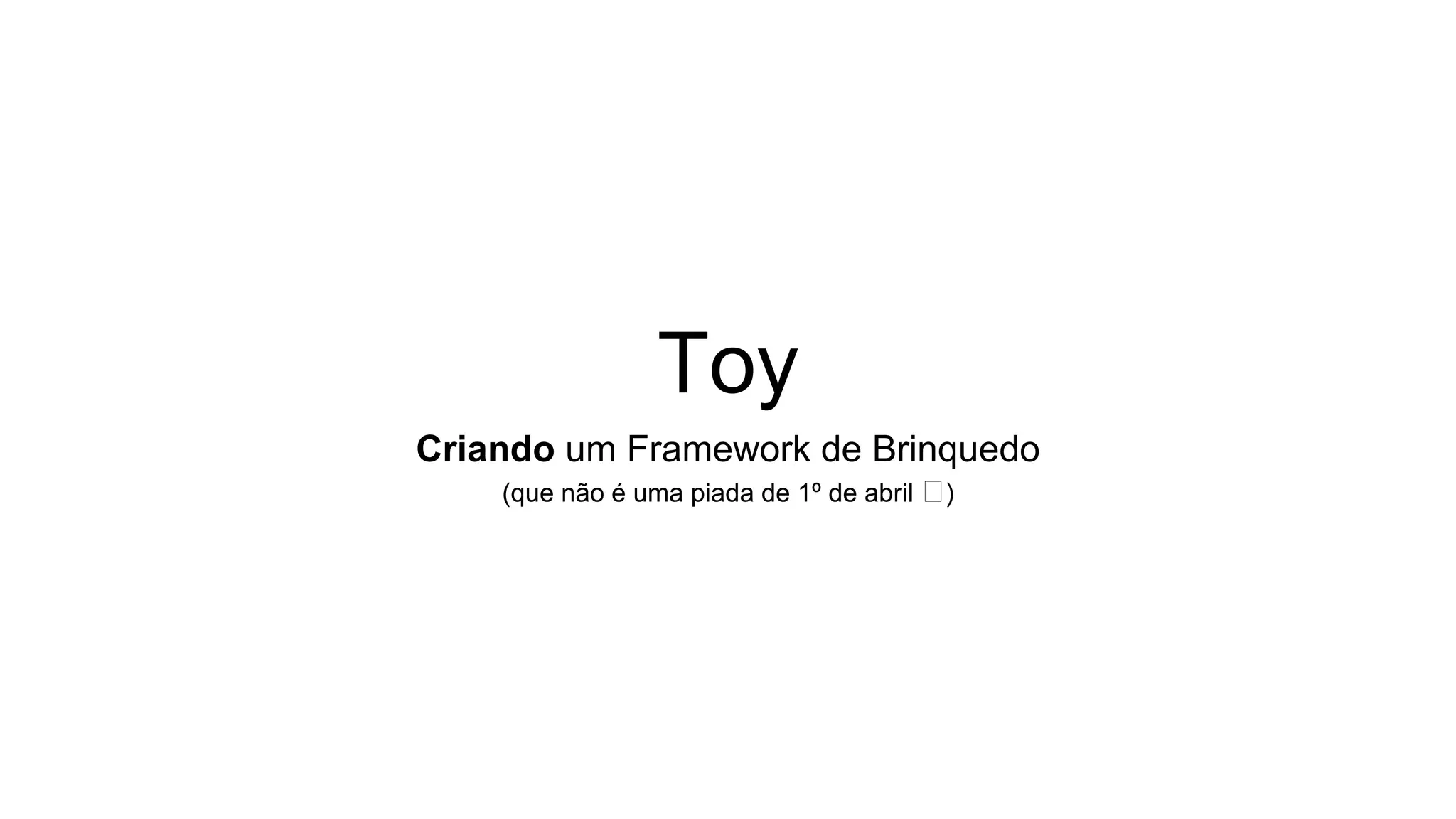 Toy
Criando um Framework de Brinquedo
(que não é uma piada de 1º de abril 🤪)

TASK DETAILS: Return all the material exactly, skipping pictures.

SOLUTION TO THIS PROBLEM:
 Toy
Criando um Framework de Brinquedo
(que não é uma piada de 1º de abril 🤪)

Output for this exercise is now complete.